Citigroup, Bank of America and JPMorgan Chase & Co are setting up the pool, which could be about $80 billion. Wachovia Corp said on Wednesday that it was also participating.
The M-LEC will buy high-quality assets from existing SIVs and finance itself in part by issuing short-term debt known as commercial paper.
SIVs, which controlled some $370 billion as of September 14, generally finance their asset purchases with commercial paper and medium-term debt.
These funds make money by earning more from their investments than they pay to fund them.
But selling commercial paper has grown increasingly difficult as investors in the market became jittery. If SIVs cannot refinance maturing commercial paper, they typically have some backup lines of credit to draw on, but they may also have to sell off assets.

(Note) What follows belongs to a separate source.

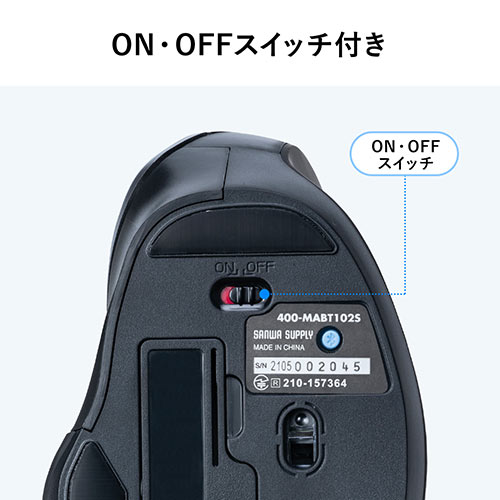 Bluetoothマウス(エルゴマウス・マルチペアリング・静音ボタン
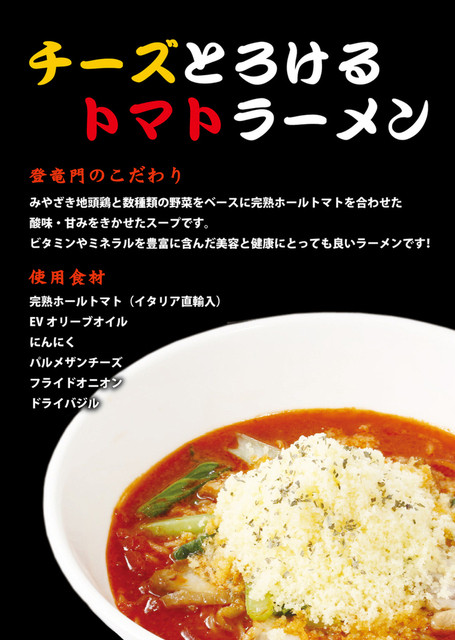 自家製麺 登竜門 那覇本店>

The new pool will probably have a complete backup line of credit from multiple banks, according to an investor who has spoken to those involved in the deal and has requested anonymity.
Any backup lines may help the new pool sell commercial paper, but it may buy the highest-quality assets and leave the SIVs with the weaker ones.
As a result, the SIVs' funding troubles could end up being even more acute, said State Street's Cunningham.
Another potential problem is that managing a SIV requires skill and discipline, said Janet Tavakoli, a structured finance consultant.
Current SIV managers may have a conflict of interest if they also manage the M-LEC, but new managers may not have the experience the pool needs, Tavakoli said.
And the price that M-LEC pays to buy the assets is crucial, noted analyst Bert Ely of Ely & Co. in Alexandria, Virginia. It's not clear how losses on the instruments will be shared.
It may be that it's in everybody's interest that everything works out, Ely said, but I'm not convinced this will.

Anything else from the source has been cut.